Adolescente pró Trump processa Washington Post e homem mais rico do mundo em U$ 349 milhões

Nick Sandmann processa o Washington Post e Jeff Bezos por 349 milhões de dólares por “acusá-lo falsamente” de atos racistas.

 

Pontos chave:

  • Nick Sandmann foi pego na frente de uma câmera cara a cara com um ativista  indígena americano em um protesto
  • O adolescente está processando o Washington Post por sua cobertura do incidente, pelo preço que Jeff Bezos pagou pelo jornal em 2013
  •  Sandmann afirma que ele foi alvo como um católico branco usando um boné Make America Great Again – Símbolo da campanha de Trump para presidente, equivalente no Brasil ao slogam de Bolsonaro ; “Brasil acima de tudo, Deus acima de todos ”

O adolescente norte-americano que  em um video aparece  parado em frente um indígena americano, que se tornou viral na internet americana , está processando o Washington Post por US $ 349 milhões por difamação, alegando que o jornal o acusou falsamente de atos racistas.

O processo aberto no estado norte-americano de Kentucky pelo estudante Nick Sandmann, de 16 anos, da Covington Catholic High School, é o valor exato que o CEO da Amazon, Jeff Bezos, pagou pelo jornal Washington Post em 2013, equivalente a US $ 349 milhões, quando jornal estava a beira da falência

O processo alega que o jornal “injustamente mirou e intimidou” o adolescente ao mostrar  seu preconceito contra o presidente Donald Trump, porque Sandmann é um católico branco que usava um boné  da campanha presidencial americana – MAGA – Make America Great Again em uma visita escolar à Marcha pela Vida. -a manifestação contra aborto em Washington ,capital americana no mês passado.
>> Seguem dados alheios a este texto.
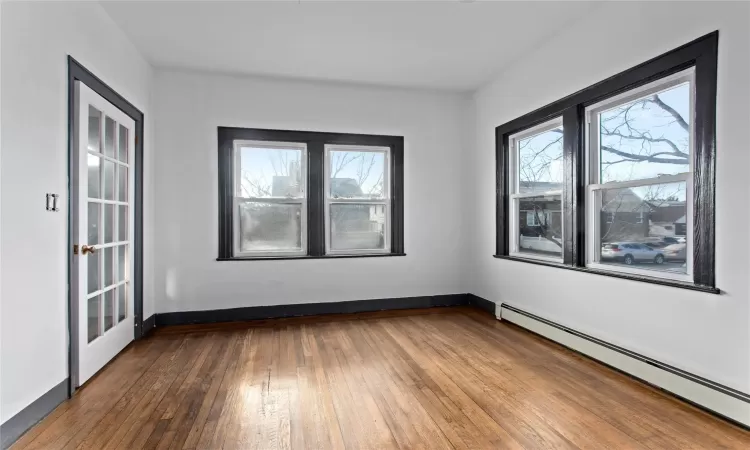 Empty room with baseboard heating, french doors, and hardwood / wood-style flooring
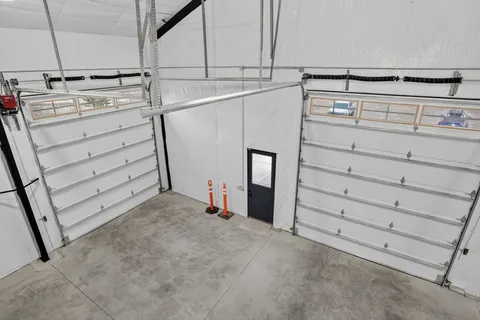 a view of a closet with storage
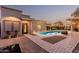 Inviting front exterior with a well-lit path, leading to a charming home and a beautifully landscaped yard at 5641 E Aster Dr, Scottsdale, AZ 85254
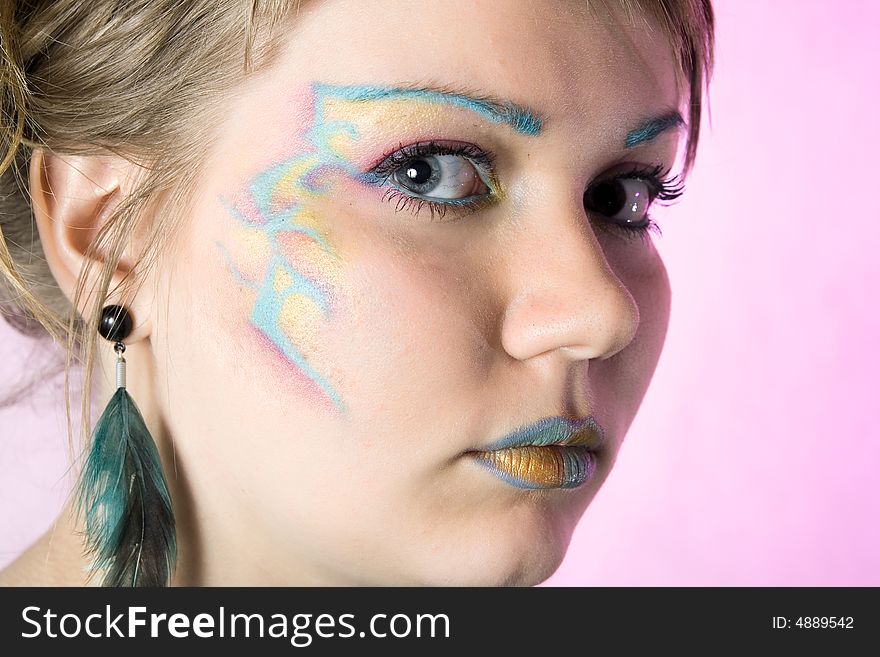 Portrait of young woman with unusual make-up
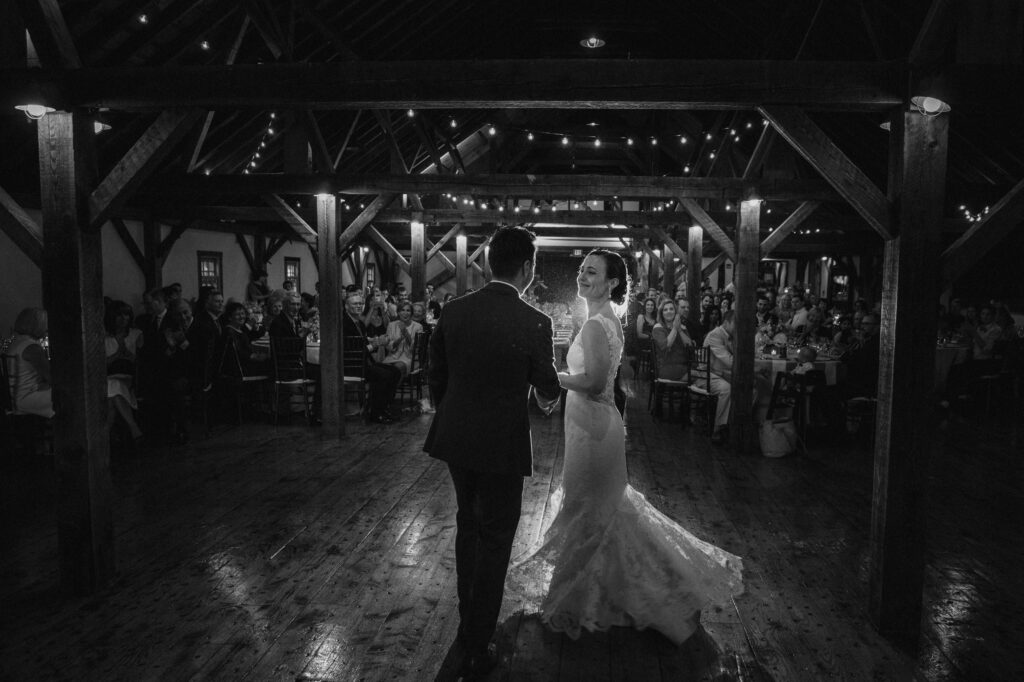 A bride and groom share their first dance at a Riverside Farm wedding in a rustic hall with wooden beams and onlookers seated around.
A vice-presidente de comunicações do Washington Post, Kristine Coratti Kelly, disse que o jornal está “revisando uma cópia do processo” e planeja montar “uma defesa consistente”.

Em uma foto do incidente que mais tarde se tornou viral, Sandmann foi visto em pé frente a frente com o ativista indígena americano Nathan Phillips. que dizia ser veterano da guerra do Vietnã e mais se provou ser mentira também

  Nick Sandmann ficou olhando para ele enquanto o Sr. Phillips cantava e tocava o tambor.

A imprensa divulgou as manchetes : ” Estudantes americanos cercam e perseguem ativista indígena”- com vídeos que não mostravam tudo, veja aqui

As imagens gravadas do encontro que inicialmente geraram raiva nas mídias sociais foram fortemente focadas no grande grupo de estudantes de Covington, alguns usando chapéus Make America Great Again, que pareciam rir ironicamente enquanto cercavam o Sr. Phillips, que estava batendo um tambor.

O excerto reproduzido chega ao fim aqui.